Correct primary structure assessment and extensive glyco-profiling of cetuximab by a combination of intact, middle-up, middle-down and bottom-up ESI and MALDI mass spectrometry techniques

Abstract

The European Medicines Agency received recently the first marketing authorization application for a biosimilar monoclonal antibody (mAb) and adopted the final guidelines on biosimilar mAbs and Fc-fusion proteins. The agency requires high similarity between biosimilar and reference products for approval. Specifically, the amino acid sequences must be identical. The glycosylation pattern of the antibody is also often considered to be a very important quality attribute due to its strong effect on quality, safety, immunogenicity, pharmacokinetics and potency. Here, we describe a case study of cetuximab, which has been marketed since 2004. Biosimilar versions of the product are now in the pipelines of numerous therapeutic antibody biosimilar developers. We applied a combination of intact, middle-down, middle-up and bottom-up electrospray ionization and matrix assisted laser desorption ionization mass spectrometry techniques to characterize the amino acid sequence and major post-translational modifications of the marketed cetuximab product, with special emphasis on glycosylation. Our results revealed a sequence error in the reported sequence of the light chain in databases and in publications, thus highlighting the potency of mass spectrometry to establish correct antibody sequences. We were also able to achieve a comprehensive identification of cetuximab's glycoforms and glycosylation profile assessment on both Fab and Fc domains. Taken together, the reported approaches and data form a solid framework for the comparability of antibodies and their biosimilar candidates that could be further applied to routine structural assessments of these and other antibody-based products.

Keywords: biosimilar; cetuximab; glycosylation; mass spectrometry; sequence.

Figure 1. Deconvoluted ESI-Q-TOF mass spectrum of intact cetuximab. The calculated MW for the G0F/G0F; G2FGal2/G2FGal2 isoform with pyroglutamic acid formation at the N-termini of the heavy chains is 152235 Da, which is 116 Da lower than the experimental MW at 152351 Da.

Figure 2. Sequences of the light and heavy chains of cetuximab as reported in the IMGT and in the literature.^, The N-glycosylation sites are indicated in bold character.

Figure 3. Total ion chromatogram of IdeS cleaved and reduced cetuximab separating the three major subunits. For each of the Fc/2 and Fd subunits, two peaks were observed. Fc/2 shows lysine clipping at the heavy chain’s C-terminus, Fd exhibits glycosylation heterogeneity (presence of sialic acid).
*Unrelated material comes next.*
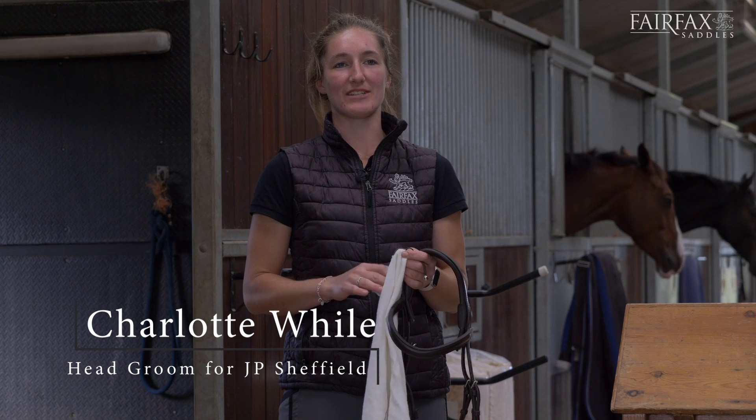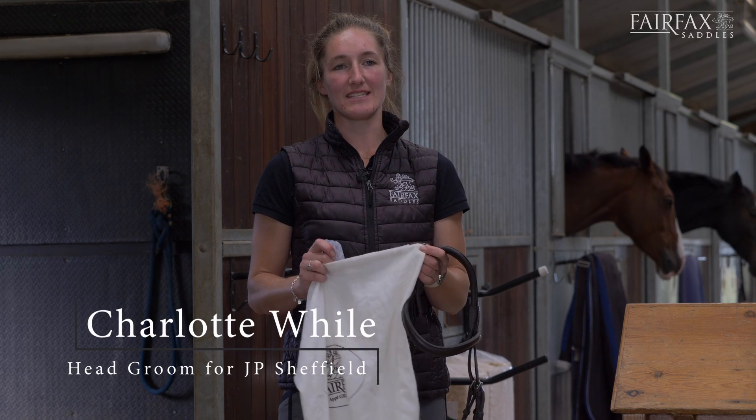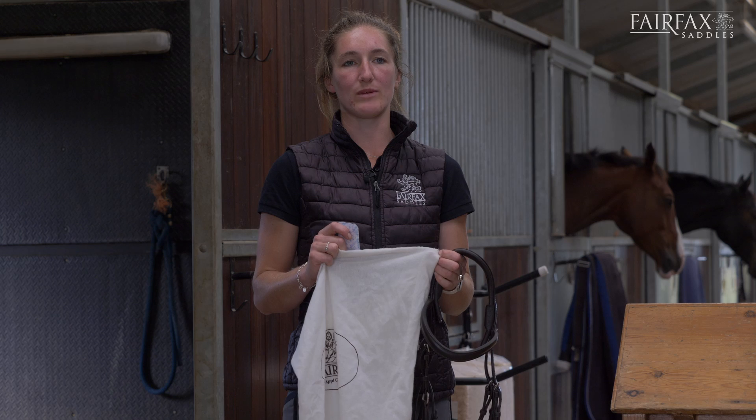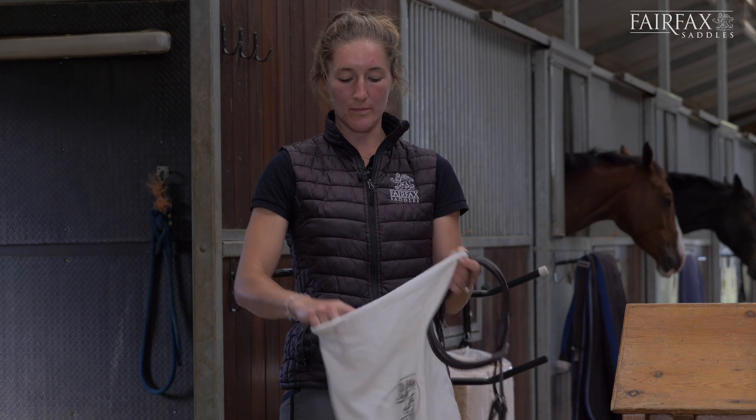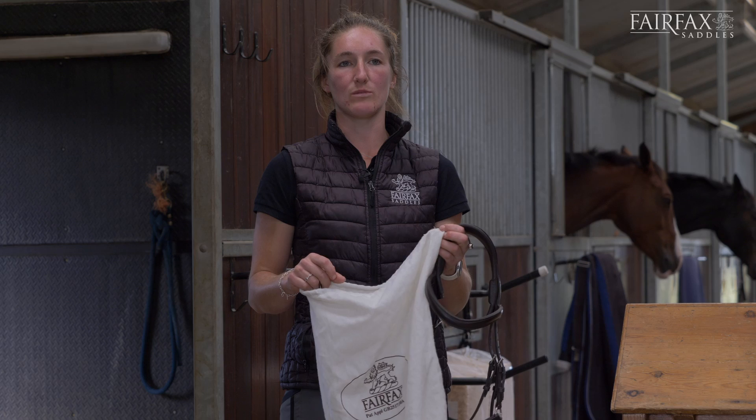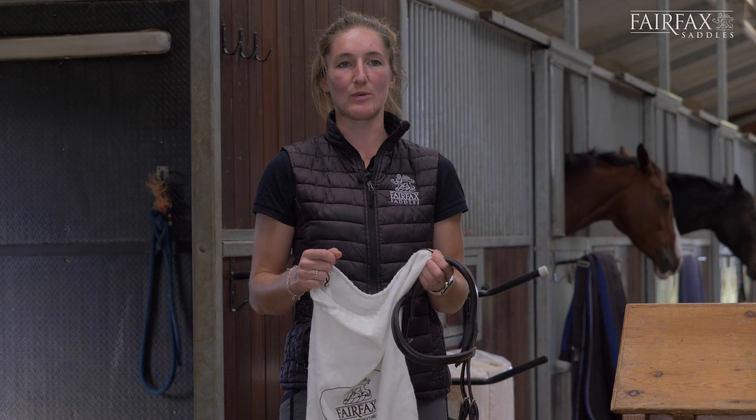I'm Charlotte and I work for JP Sheffield. A top tip of mine is if you want to store a bridle away for winter or away for a few months, use a silica sachet to pop in the bridle bag along with the bridle, which will stop the bridle from getting damp or mouldy.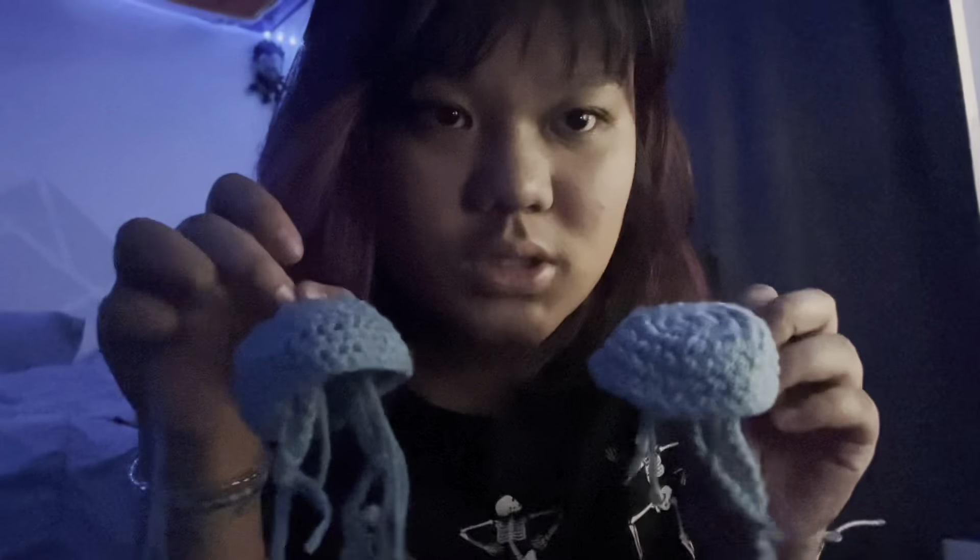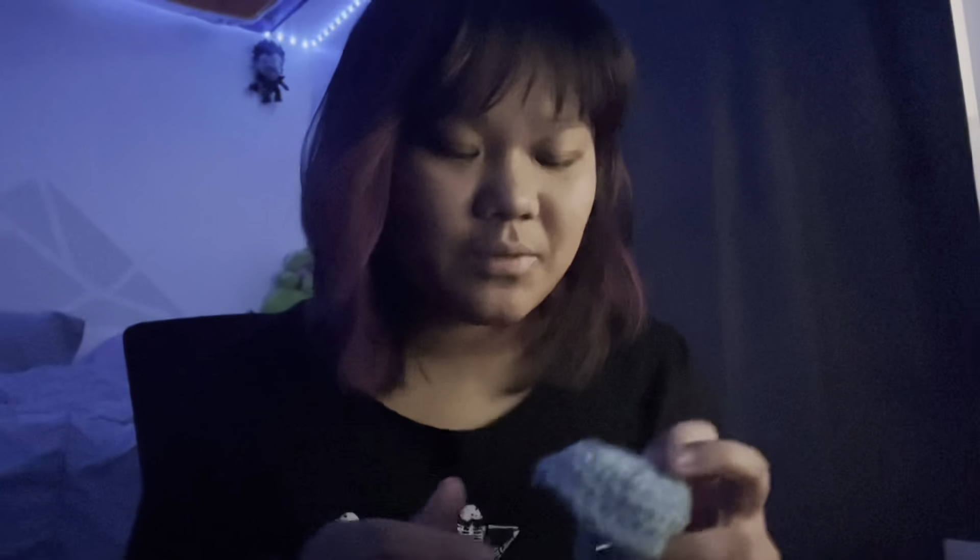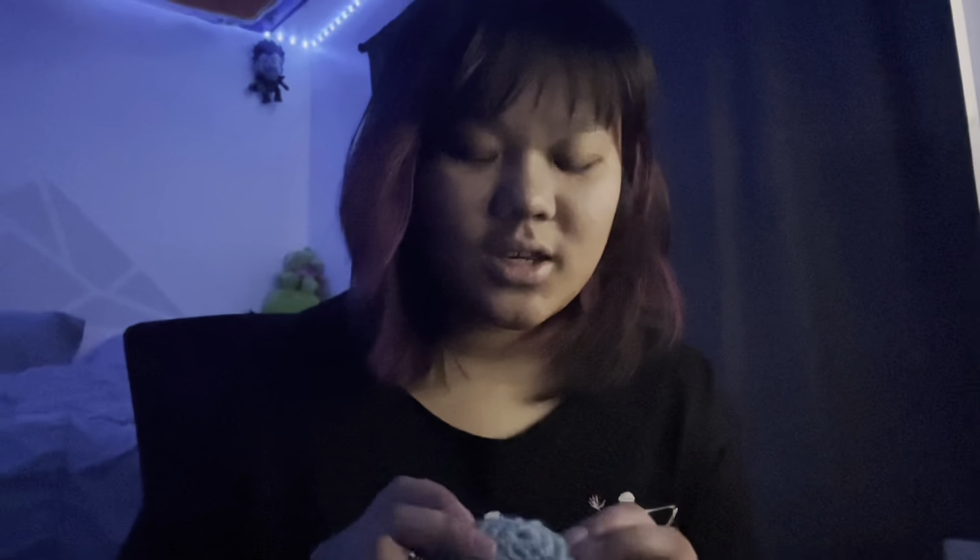I just finished the tentacles, and this is what it looks like. I should probably curl them, maybe. This is what it looks like — it's a little wonky, but I think it's cute. But comparing it to my older one, I think the older one is better, obviously, but I think it was nice revisiting crocheting. I think it was cute. I might pick this back up again.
Figure 4. Deconvoluted spectra (red) of the main isoforms of the subunits after IdeS digestion and reduction, (A) Fc/2, (B) LC and (C) Fd. The monoisotopic MWs were calculated from the baseline resolved isotopic peak patterns using the SNAP peak picking algorithm. The isotopic patterns calculated from the sequence of the antibody as specified in the IMGT database were also displayed for the three subunits (blue). The position of the average mass is marked with an arrow. For Fc/2, the isotopic pattern was calculated taking into account lysine clipping at the C-terminus and G0F glycosylation. For the Fd subunit N-terminal pyroglutamic acid formation and G2FGal2 glycosylation was assumed. While the agreement between the measured and expected monoisotopic mass is well below 1 ppm for the Fc/2 and Fd fragments [-1.5 mDa for Fc/2 (A) and 0.4 mDa for Fd (C)], a significant MW difference of 58.006 Da was observed for the LC (B) clearly indicating a sequence or structural variation.

Figure 5. LC-MALDI-ISD middle-down spectrum of cetuximab’s light chain after chromatographic separation, using sDHB as matrix. The N-terminal sequence of the first 86 residues matches the spectrum precisely (top) while the C-terminal sequence displays a +58 Da offset. After assuming an A to E exchange (+58 Da), the C-terminal sequence is in accordance with the ISD-spectrum.

Figure 6. LC-MALDI-MS/MS mass spectrum of the gluC C-terminal peptide of cetuximab’s light chain confirming E213 instead of A.

Figure 7. LC-ESI-MS spectra of (A) Fc/2 subunit and (B) Fd subunit. Only 19 out of 20 are displayed, the lowest abundant species is out of the mass range shown. The peaks were annotated with the correspondent glycoform.

Figure 8.(A) Relative abundance of glycoforms attached to the N299 glycosylation site (Fc) as derived from middle-up glyco-profiling (Left). Eleven glycoforms were assigned to this glycosylation site. (B) Relative abundance of glycoforms of glycosylation site N88 (Fd) as derived from middle-up glyco-profiling (Right). Twenty glycoforms could be assigned to this glycosylation site.